The answer is a stretch of the material below, returned exactly: the line containing "Bản vẽ nhà cấp", the line containing "British English Modernist", and all lines between.

> _Provided data_:
BEGIN
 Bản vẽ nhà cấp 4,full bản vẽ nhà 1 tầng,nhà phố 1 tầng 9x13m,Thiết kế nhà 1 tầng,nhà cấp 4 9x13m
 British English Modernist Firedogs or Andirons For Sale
END
BEGIN
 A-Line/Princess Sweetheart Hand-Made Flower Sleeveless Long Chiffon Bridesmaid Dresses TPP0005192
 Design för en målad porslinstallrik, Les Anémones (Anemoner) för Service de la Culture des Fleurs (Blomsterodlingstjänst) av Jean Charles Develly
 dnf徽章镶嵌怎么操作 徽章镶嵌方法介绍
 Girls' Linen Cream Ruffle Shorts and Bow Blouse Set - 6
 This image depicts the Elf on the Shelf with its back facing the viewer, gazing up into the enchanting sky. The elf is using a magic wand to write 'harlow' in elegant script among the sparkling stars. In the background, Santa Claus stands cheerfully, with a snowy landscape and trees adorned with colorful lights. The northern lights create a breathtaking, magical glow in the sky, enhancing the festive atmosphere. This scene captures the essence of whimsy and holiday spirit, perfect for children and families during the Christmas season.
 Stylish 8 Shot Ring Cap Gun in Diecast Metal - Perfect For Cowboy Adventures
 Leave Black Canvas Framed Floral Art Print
END
BEGIN
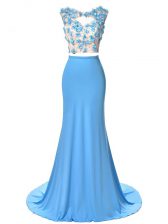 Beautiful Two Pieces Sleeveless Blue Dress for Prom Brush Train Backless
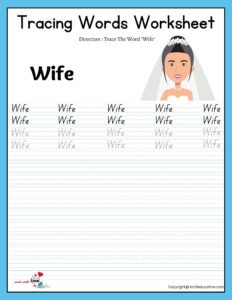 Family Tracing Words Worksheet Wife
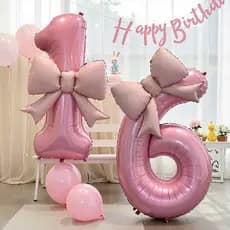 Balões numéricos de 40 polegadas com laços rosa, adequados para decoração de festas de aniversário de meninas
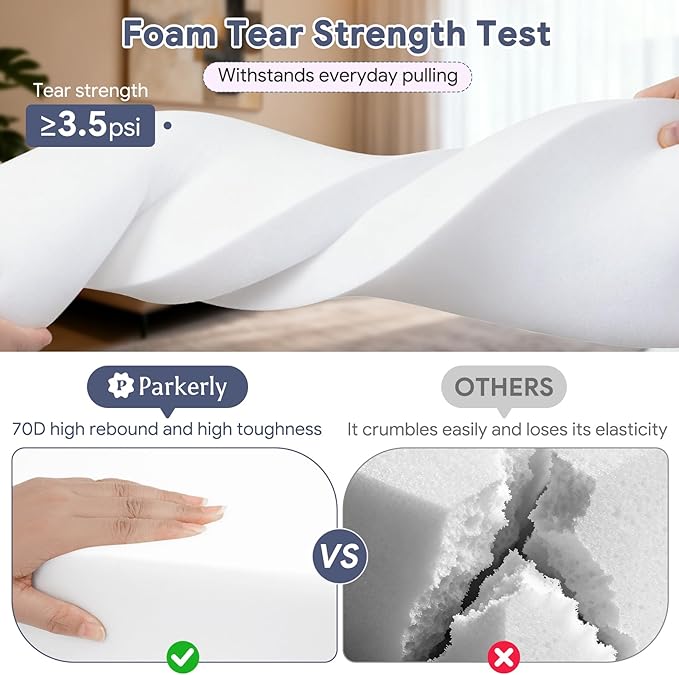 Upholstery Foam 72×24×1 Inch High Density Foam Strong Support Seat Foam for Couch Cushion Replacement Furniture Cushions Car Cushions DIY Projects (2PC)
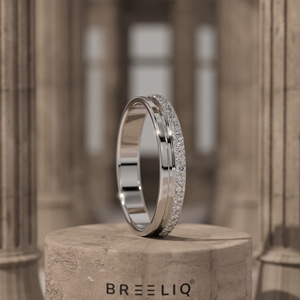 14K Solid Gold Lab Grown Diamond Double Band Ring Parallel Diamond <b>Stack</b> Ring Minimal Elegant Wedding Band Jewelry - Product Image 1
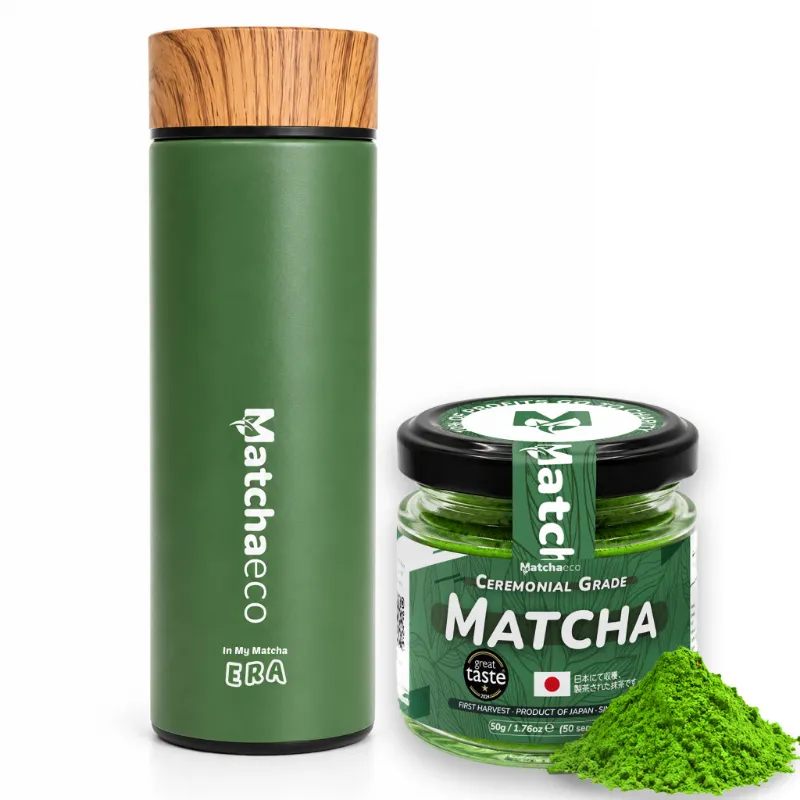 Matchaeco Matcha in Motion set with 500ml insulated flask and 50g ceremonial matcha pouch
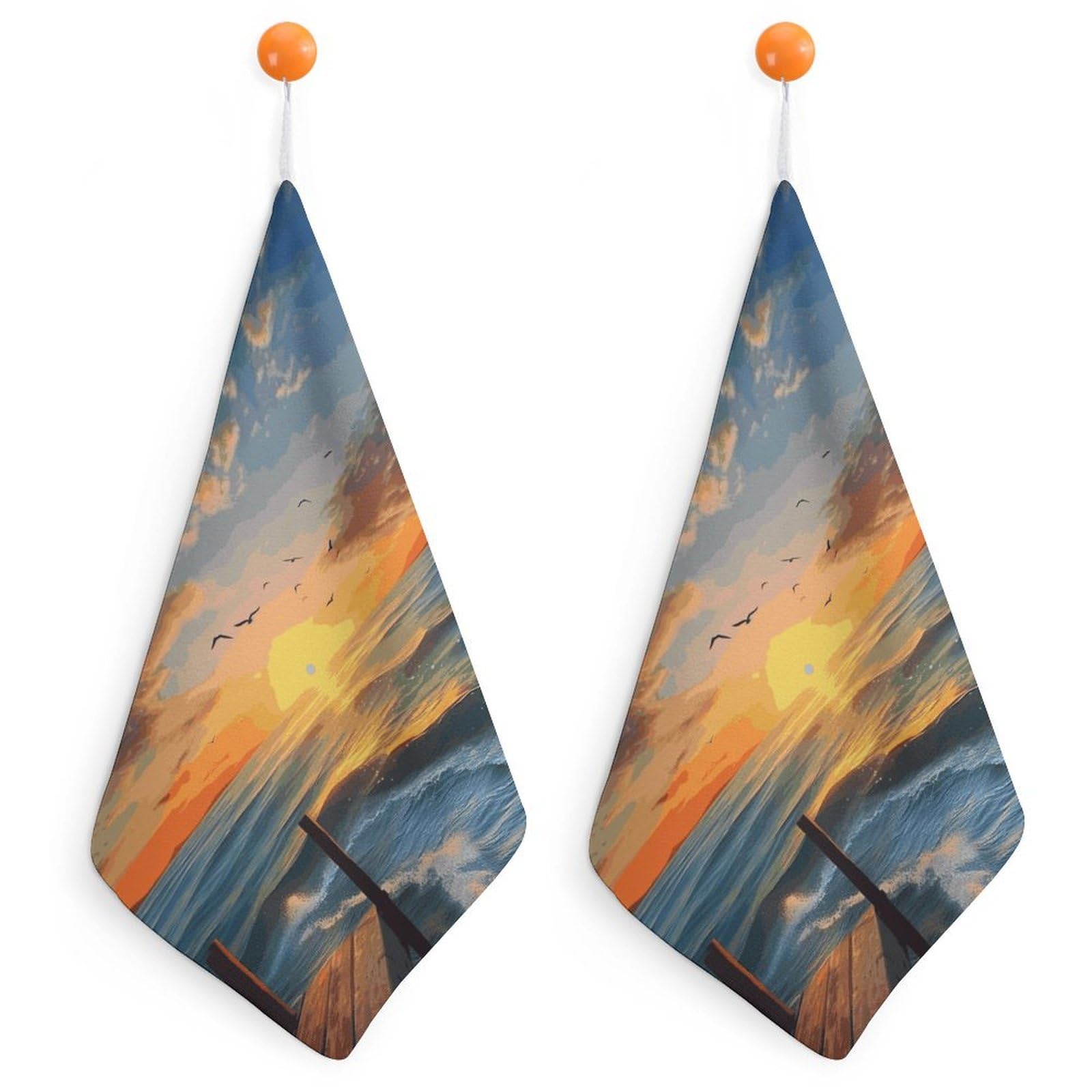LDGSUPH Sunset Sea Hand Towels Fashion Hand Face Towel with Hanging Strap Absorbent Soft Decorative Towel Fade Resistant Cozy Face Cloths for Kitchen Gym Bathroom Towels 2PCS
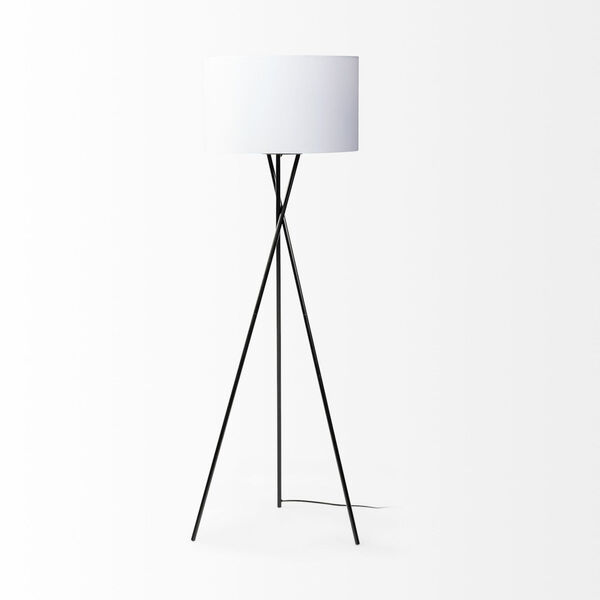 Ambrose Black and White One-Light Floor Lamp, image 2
END
> _Completed exercise_:
 Bản vẽ nhà cấp 4,full bản vẽ nhà 1 tầng,nhà phố 1 tầng 9x13m,Thiết kế nhà 1 tầng,nhà cấp 4 9x13m
 British English Modernist Firedogs or Andirons For Sale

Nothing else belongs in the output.